Extending sbufs with a drain

Wed Sep 8 15:43:42 UTC 2010

On Tue, Sep 7, 2010 at 12:40 PM, Poul-Henning Kamp <phk at phk.freebsd.dk> wrote:
> In message <AANLkTinReHpgm8Bt8ya=PY-3Mz6w0FwcGq-psrjiesKv at mail.gmail.com>, mdf@
> FreeBSD.org writes:
>
> Not so fast...
>
> The first patch (0001...) I am basically OK with.  I question the
> choice of EOVERFLOW, which is generally for fixed size data structures.
> I think that should be changed to ENOMEM, pretty much throughout.
>
> I'm not sure I see much point in the second patch (0002...) but
> whatever.
>
> The third patch (0003...) Is not ok with me, for a number of reasons.
>
> First, I am not even sure we should add this to sbuf in the first
> place.
>
> Both userland and kernel printf's have half-assed support for random
> drain functions already.  On the other hand, those functions are
> PITA to use and mostly undocumented hacks, so we should get something
> better constructed.

This was an attempt to construct something better.  It may not be in a
final form, but these drains seem pretty useful to me.

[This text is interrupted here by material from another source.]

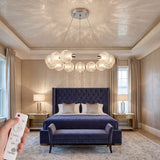 Lampara colgante LED Bangle Crystal Silver en dormitorio principal con luz calida y control remoto.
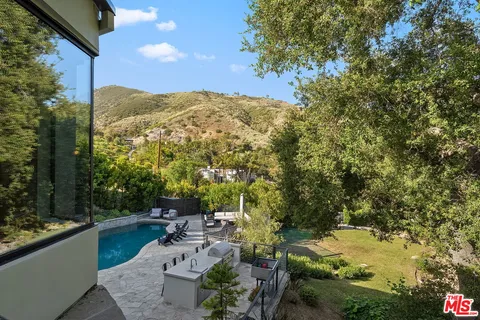 $5,395,000 | 28222 Via Acero, Malibu, CA 90265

What is the half-assed support you mention?  Is that the func callback
for kvprintf(9) and the general nature of a FILE object for printf(3)
?

> Sbufs were designed to provide overflow-safe string operations on
> buffers (static or dynamic) with latching error detection.
> They were not designed to become a generalized I/O stream facility.
>
> By adding drain functionality to sbufs, we get significant overlap
> with stdio's FILE, but not anywhere close to being able to replace
> those.

To me, since FILE is a C standard object, it is what it is.  These
sbuf drains can be used to implement FILE buffering if desired, and
apart from my difficulty understanding the user-space implementation
of printf(3), that was my intent.

Regardless of what sbufs were originally designed to do, this seems
like a useful enhancement to me that does not take away the ability to
use them for overflow detection.  An sbuf without a drain marked
SBUF_FIXED will still perform in this manner.  But now there are more
options.

> If we decide to add drain function support to sbufs, I have issues
> with the suggested patches:
>
> For one thing, sbuf is not a kernel facility, it is a general purpose
> string editing library which is also used outside FreeBSD.   If
> we add the drain facility it should work in both userland and kernel.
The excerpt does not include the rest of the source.